Asistimos a las relaciones entre los dos integrantes de un matrimonio con sus respectivos amantes. Los cuatro son parásitos y corruptos. Alamany –miriñaque y vestido azul chillón; joyas, peluca y mucho maquillaje– encarna alternativamente a la voluptuosa e insaciable Helen y a la vengativa Sybil. Martínez, con un conjunto floral de buena factura, muy vistoso –y “tan emperifollado que parecerías una mariposa”– interpreta tanto a Steve, un “cachorro” que necesita jugar para no aburrirse, como al exasperado Les. Hay cierto reflejo de Las amistades peligrosas, probablemente pasado por el filtro de Quartett de Heiner Müller.

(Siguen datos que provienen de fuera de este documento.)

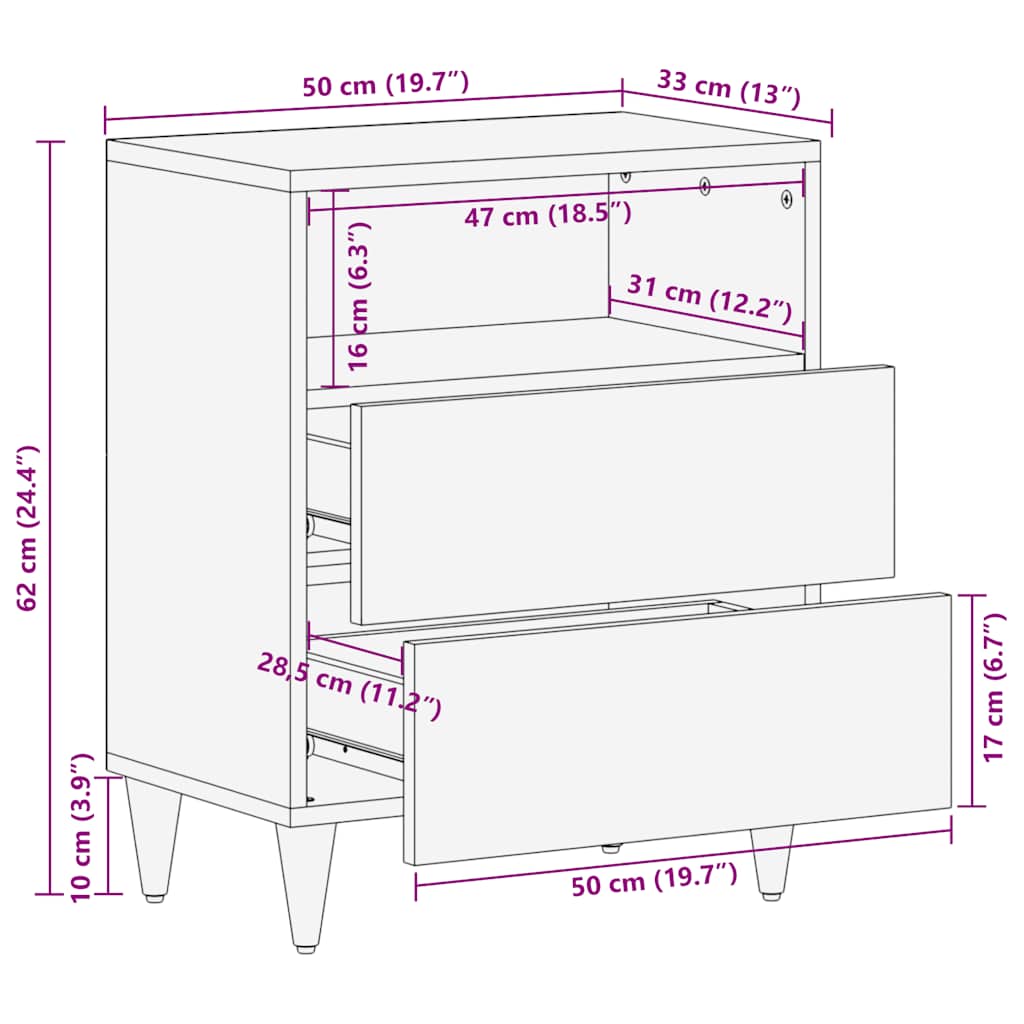 Nattbord Sengbord Tre heltre mangotre 50x33x60 cm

El teatrillo de los ricos ociosos tiene mucho de siniestro. No hay tabúes ni límites dentro de la pecera del confort y del lujo extremo
El énfasis en lo sórdido se consigue mediante mecanismos de amplificación e hipérbole. La clave de este registro interpretativo, que funciona como una máscara grotesca, la da el propio autor, cuando en el prólogo de la obra afirma haber comprendido que los ricos se mueven con una gestualidad desagradable o hablan a gran velocidad para aparentar no sentir nada respecto a lo que dicen. El teatrillo de los aristócratas desocupados, tal como los retrata Berkoff, rezuma siniestralidad e insaciabilidad obscena. Dentro de su pecera de lujo anhelan ser objeto de deseo –“¿No te parezco un monumento?”; “¿No te excito?”– y se extasían con la anticipación de banquetes fastuosos. Al mismo tiempo, la forma grosera y sobreactuada con la que hablan del placer deja entrever un tedio profundo.

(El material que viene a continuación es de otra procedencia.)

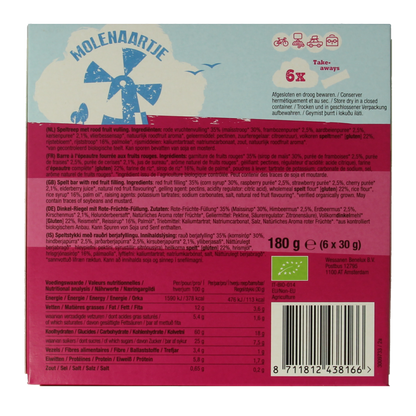 Molenaartje Spelt fruitreep rood fruit bio 180 Gram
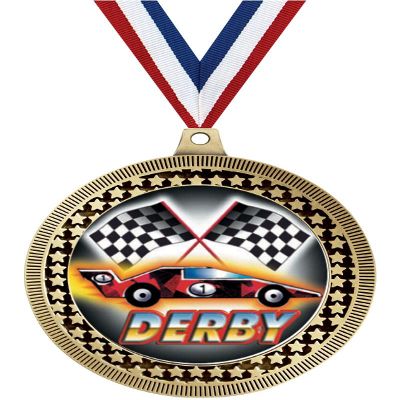 2.75" Derby Award Medals, Gold Vega Derby Team Trophy Awards Includes Free Neck Ribbon 50 Pack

Una opulencia ostentosa que incita al odio
En la puesta en escena, además del trabajo actoral, tiene gran importancia el componente plástico. El espacio escénico diseñado por Alfonso Ferri se compone tan solo de un sillón y un inmenso marco con moldura dorada suspendido en diagonal sobre el escenario. En el lienzo-pantalla se proyectarán distintas pinturas, una para cada escena, con efectos de zoom y desplazamiento. La representación de Prometeo con el hígado devorado presidirá la evocación etílica de Steve; un exótico concierto de pájaros se convertirá en un bodegón barroco con frutas y animales muertos, coincidiendo con el relato de un suculento festín. Los personajes se explayan en narraciones excitantes –especialmente Helen, auténtica Sherezade del hedonismo y la opulencia– y en ricas descripciones de manjares exquisitos en restaurantes exclusivos frecuentados por representantes del poder, incluida la realeza.

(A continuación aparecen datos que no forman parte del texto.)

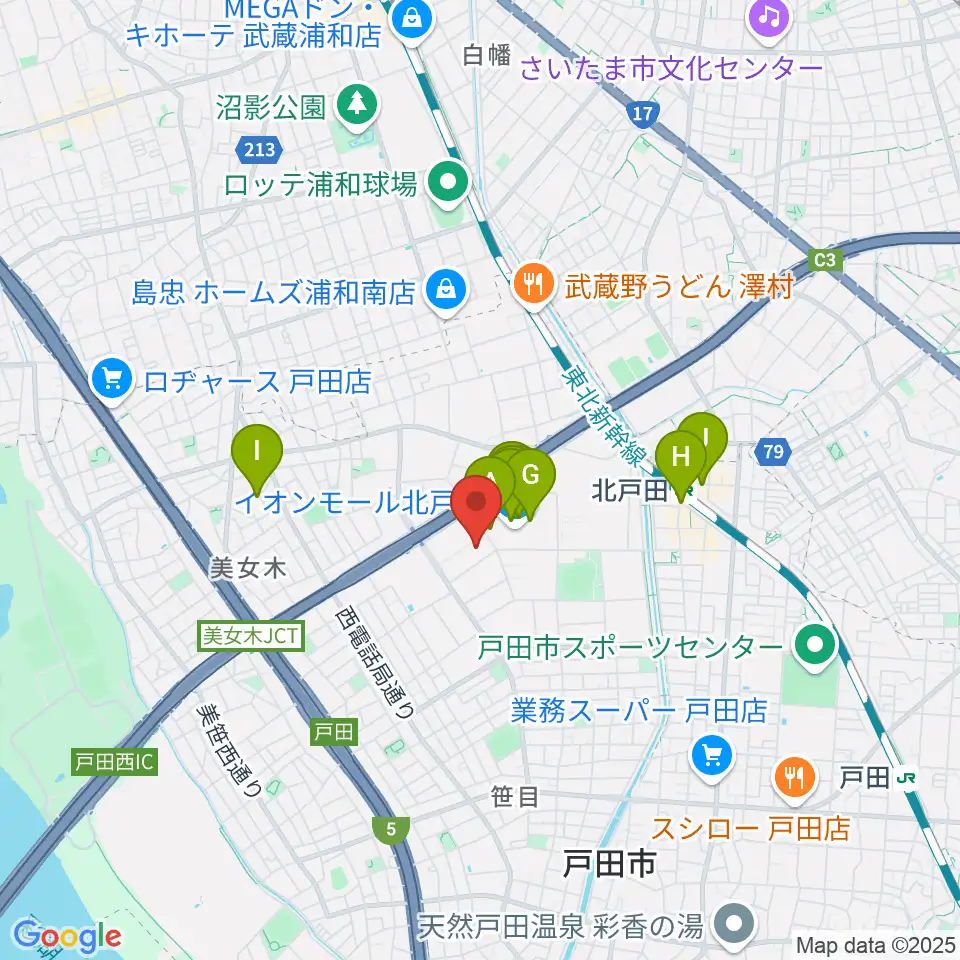 管楽器修理 ミルズ周辺のカフェ一覧地図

Son bocas ávidas de hablar, deglutir, beber, lamer, succionar. No parece casual que la palabra “vampiro” aparezca en la primera y la última escena
Dice Jorge Dubatti que Berkoff crea una nueva forma –no adscrita a ninguna corriente teatral preexistente– de producción de sentido político y resistencia crítica. Si en Greek mostraba al pueblo inglés hundido en la degradación –se expresaba en términos de “peste británica”, miasma contagiado por el gobierno de Thatcher–, aquí el foco se sitúa en las clases privilegiadas. Los personajes de Decadencia animalizan o cosifican a quienes no son como ellos –la “chusma obrera”, los inmigrantes–, dejando un rastro de inmundicia racista y aporofóbica. Su lujo exclusivo va acompañado de una lógica sadomasoquista que el autor considera intrínseca a una subjetividad de clase: el placer experimentado –por ejemplo, en la escena de la cacería– se mide en relación con el dolor o la humillación que ha sido necesario infligir para obtenerlo. Autoafirmados en el privilegio –“El mundo nos envuelve”; “Que nada perturbe nuestros sueños”; “Me gusta el placer que llega después del daño”–, son bocas ávidas de hablar, deglutir, beber, lamer, succionar. No parece casual que la palabra “vampiro” aparezca en la primera y en la última escena.